Il pluripregiudicato, capo dell’omonimo clan mafioso, il 15 gennaio 2015 era stato condannato a 5 anni e 4 mesi di reclusione dal gup del Tribunale di Bari perche’ accusato di aver commesso due estorsioni nel 2007 e nel 2008, aggravate dal metodo mafioso, e dall’aver commesso i reati mentre era sottoposto alla misura della sorveglianza speciale. Per i due episodi il pm Federico Perrone Capano aveva chiesto la condanna a 18 anni al termine del processo con rito abbreviato. Il giudice di primo grado aveva condannato il boss per il primo episodio, riconoscendo anche le contestate aggravanti, e lo aveva assolto dal secondo.
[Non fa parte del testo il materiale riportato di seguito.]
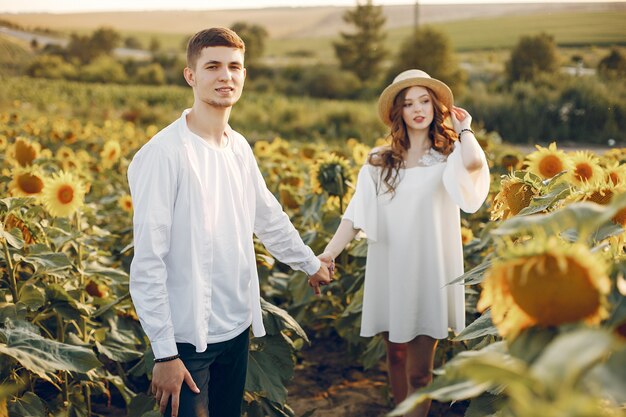 Beautiful and stylish couple in a field with sunflowers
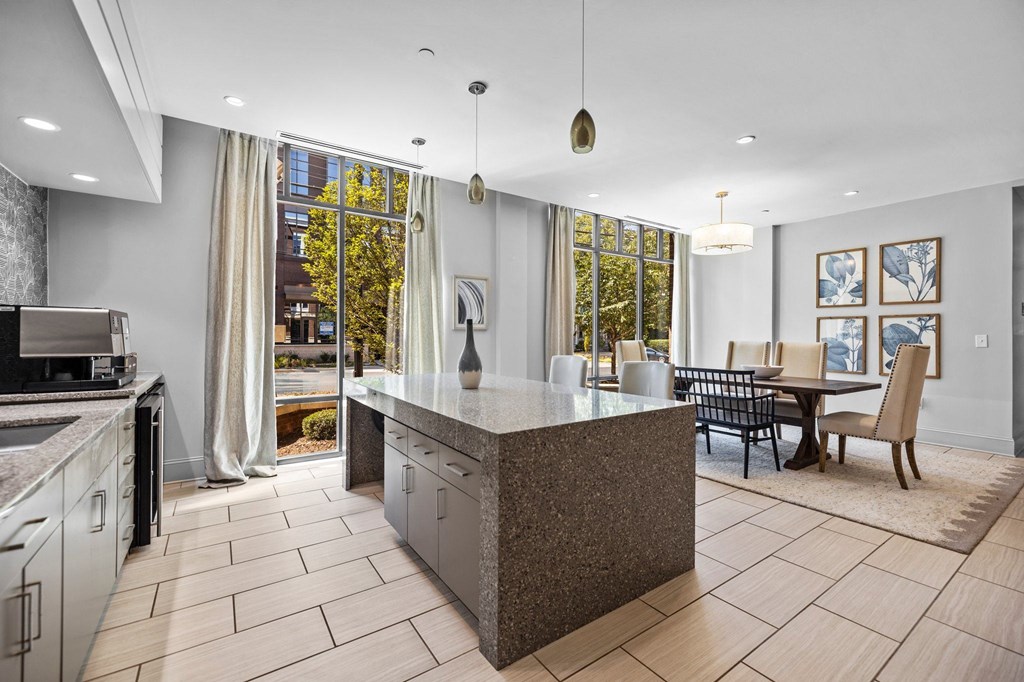 A modern kitchen with a large island and a dining table.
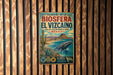 A vintage metal sign with a whale and desert landscape, mounted on a wooden wall.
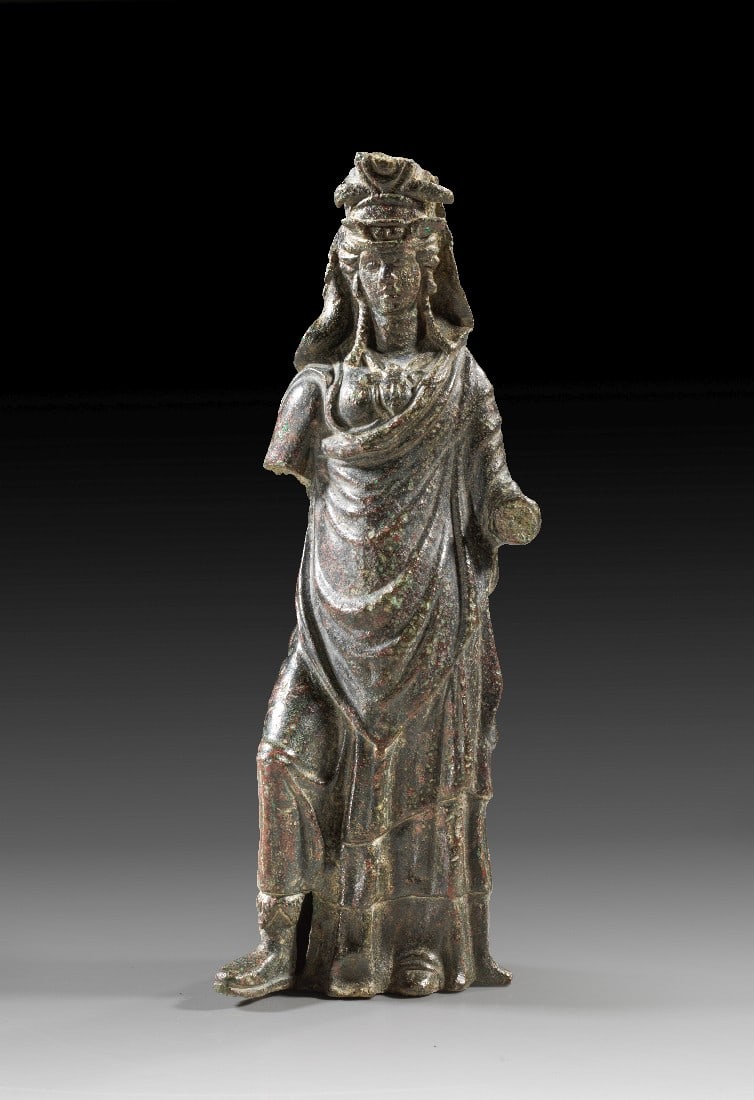 Polytheistische Göttin.: Polytheistische Göttin. Ende 2. - 3. Jh. n. Chr. H 17,5cm. Hohlguss. Frauengestalt in langen Gewändern mit verschiedenen Attributen: Krone der Isis, Stirnflügel der Musen, Ägis der Athena und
Nell’ambito di questo procedimento Savinuccio era detenuto dal dicembre 2013. Ieri sera Parisi e’ andato alla caserma dei carabinieri, al quartiere Carrassi, per la notifica della misura della sorveglianza speciale. Ne e’ uscito senza aprire bocca, tra una ressa di giornalisti, cameraman e fotografi”.